Faith, it is said, can move mountains. But can it really? Have you ever tried to move a mountain with your faith? Of course, we know that when Jesus spoke those words in Mathew 17:20, He wasn’t referring to real mountains. He was referring to metaphorical mountains. With faith the size of a mustard seed (that’s a tiny amount of faith), a believer is able to move mountains of – you name it – pain, illness, debt, emotional problems, marital problems. And yet, if you’re like me, and you have that little bit of faith, you also have mountains that never give way to it.
Was Jesus wrong when He said that faith can move mountains? We know that can’t be true because Jesus is the Son of God and that fact precludes His being wrong or telling a fib. So He must mean something else. But what? Studying faith is like trying to dribble a football (that is, an American football). Just when you think you can, you find out you can’t. Just when you think you get a handle on what faith is all about, you discover you don’t. And it’s back to the drawing board you go.
Over the next few weeks, I’d like to explore Biblical faith. What it is, and what it can add to your life. And this will be an important study because of this single verse:
And without faith it is impossible to please God, because anyone who comes to him must believe that he exists and that he rewards those who earnestly seek him. (Hebrews 11:6 | NIV84)
If you’re a believer, then you probably want to please God. You need faith to do that, therefore you need to know just what Biblical faith is.
In Romans, Paul wrote about faith, and in his opinion faith isn’t something normally present in a person. It’s not native to a human being.
Consequently, faith comes from hearing the message, and the message is heard through the word of Christ. (Romans 10:17 | NIV84)
The word “consequently,” or “therefore” in the KJV, links verse 17 to something preceding it.
But not all the Israelites accepted the good news. For Isaiah says, “Lord, who has believed our message?”. (Romans 10:16-17a | NIV84)
So Paul was quoting from the book of Isaiah, specifically Isaiah 53:1, when he referred to faith resulting from hearing a certain message. What message? What is the message both Paul and the Old Testament prophet thought was so powerful that it literally brings faith into the hearts of those who just hear it?

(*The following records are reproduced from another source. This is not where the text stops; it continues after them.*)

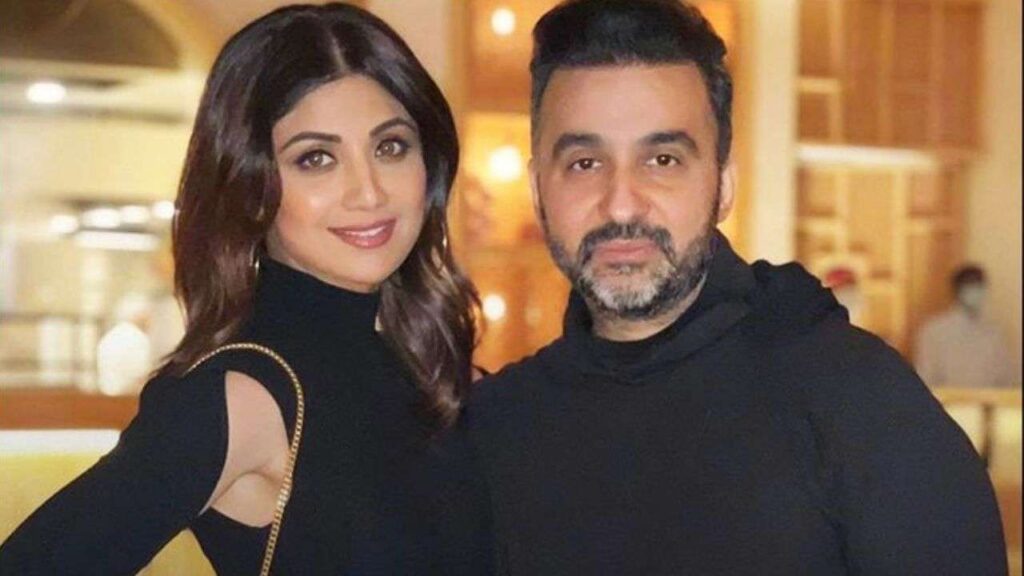 భర్త రాజ్‌ కుంద్ర సంస్థకు శిల్పాశెట్టి రాజీనామా!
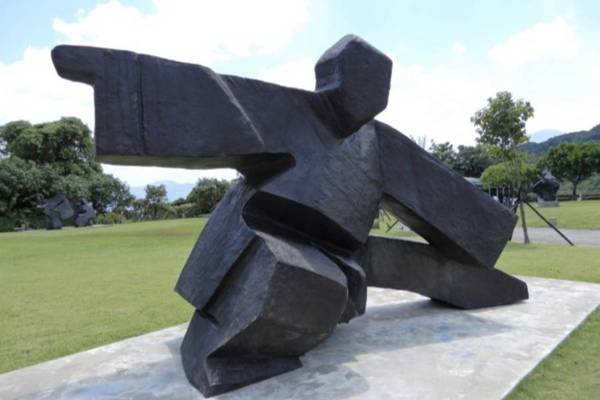 【新北】朱銘美術館｜門票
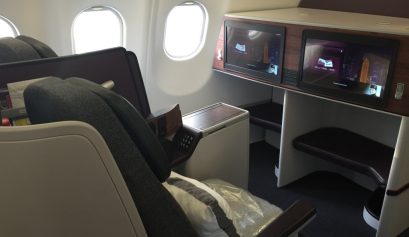 How to fly premium cabin at economy prices, Highlife-style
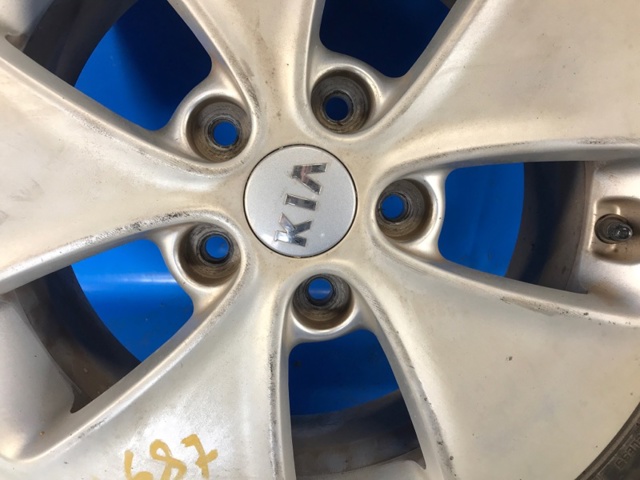 52910B2100 HYUNDAI Диски колесные литые (легкосплавные, титановые) купить в Житомир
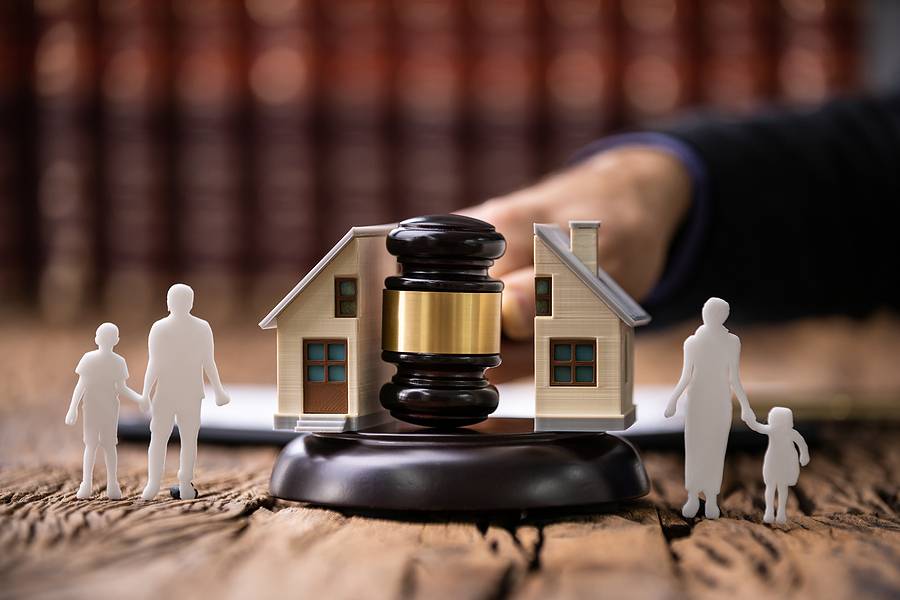 Texas Is A Community Property State. How Does It Affect My Family?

Let’s take a look at the context of Romans 10 and we’ll discover the basis of our faith.
Two kinds of people
Here in Romans, Paul has in mind two kinds of people: the zealous Jewish moralist and the believing Gentile. The key to understanding the quandary of faith is understanding what Paul wrote in chapter 9 –
What then shall we say? That the Gentiles, who did not pursue righteousness, have obtained it, a righteousness that is by faith; but Israel, who pursued a law of righteousness, has not attained it. (Romans 9:30-32a | NIV84)
In other words, there were zealous, well-meaning Jews who had spent a lifetime pursuing holiness and righteousness before God yet accomplishing nothing of eternal value because they were using the law to obtain that which can only be obtained by simple faith. But on the other hand, there were Gentiles, who had never heard of the law or tried to obey it, yet they had obtained righteousness because they had faith.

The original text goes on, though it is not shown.